### YOUR INSTRUCTIONS
Go through the listing below from its first line and repeat each line exactly, ending at the line containing "0.16 Acres of" and including it.

━━ EXERCISE INPUTS

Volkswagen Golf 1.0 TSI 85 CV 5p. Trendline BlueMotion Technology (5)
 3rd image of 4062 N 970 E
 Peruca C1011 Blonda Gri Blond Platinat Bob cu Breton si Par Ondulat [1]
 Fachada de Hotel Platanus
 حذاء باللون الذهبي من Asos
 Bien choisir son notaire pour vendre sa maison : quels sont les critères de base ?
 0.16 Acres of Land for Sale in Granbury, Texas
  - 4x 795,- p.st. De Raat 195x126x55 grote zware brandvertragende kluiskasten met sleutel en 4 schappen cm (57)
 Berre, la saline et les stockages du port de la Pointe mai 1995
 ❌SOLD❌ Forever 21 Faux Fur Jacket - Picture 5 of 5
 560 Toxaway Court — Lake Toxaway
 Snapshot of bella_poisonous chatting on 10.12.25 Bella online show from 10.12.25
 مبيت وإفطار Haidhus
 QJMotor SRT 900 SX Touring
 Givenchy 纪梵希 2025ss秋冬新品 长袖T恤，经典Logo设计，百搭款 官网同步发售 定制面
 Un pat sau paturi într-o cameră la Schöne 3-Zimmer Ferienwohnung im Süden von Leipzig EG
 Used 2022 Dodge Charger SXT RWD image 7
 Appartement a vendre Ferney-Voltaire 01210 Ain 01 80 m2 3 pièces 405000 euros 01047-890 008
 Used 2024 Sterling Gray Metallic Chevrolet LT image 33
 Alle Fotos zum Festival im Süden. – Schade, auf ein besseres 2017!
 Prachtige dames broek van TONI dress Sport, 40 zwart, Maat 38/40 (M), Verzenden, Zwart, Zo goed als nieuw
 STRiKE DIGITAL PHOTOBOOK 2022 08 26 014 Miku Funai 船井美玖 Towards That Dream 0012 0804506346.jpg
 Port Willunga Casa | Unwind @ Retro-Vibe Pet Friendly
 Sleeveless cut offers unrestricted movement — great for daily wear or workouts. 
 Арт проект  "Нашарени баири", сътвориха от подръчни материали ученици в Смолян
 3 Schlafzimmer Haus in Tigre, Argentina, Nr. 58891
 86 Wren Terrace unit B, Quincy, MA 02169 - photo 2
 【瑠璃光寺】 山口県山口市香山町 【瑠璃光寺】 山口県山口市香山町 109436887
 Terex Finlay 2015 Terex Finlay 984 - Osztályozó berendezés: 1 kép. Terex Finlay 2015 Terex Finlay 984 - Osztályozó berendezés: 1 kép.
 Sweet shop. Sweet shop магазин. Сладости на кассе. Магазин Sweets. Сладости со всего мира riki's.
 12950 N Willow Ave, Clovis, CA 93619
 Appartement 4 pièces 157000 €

━━━━

### RESULT
Volkswagen Golf 1.0 TSI 85 CV 5p. Trendline BlueMotion Technology (5)
 3rd image of 4062 N 970 E
 Peruca C1011 Blonda Gri Blond Platinat Bob cu Breton si Par Ondulat [1]
 Fachada de Hotel Platanus
 حذاء باللون الذهبي من Asos
 Bien choisir son notaire pour vendre sa maison : quels sont les critères de base ?
 0.16 Acres of Land for Sale in Granbury, Texas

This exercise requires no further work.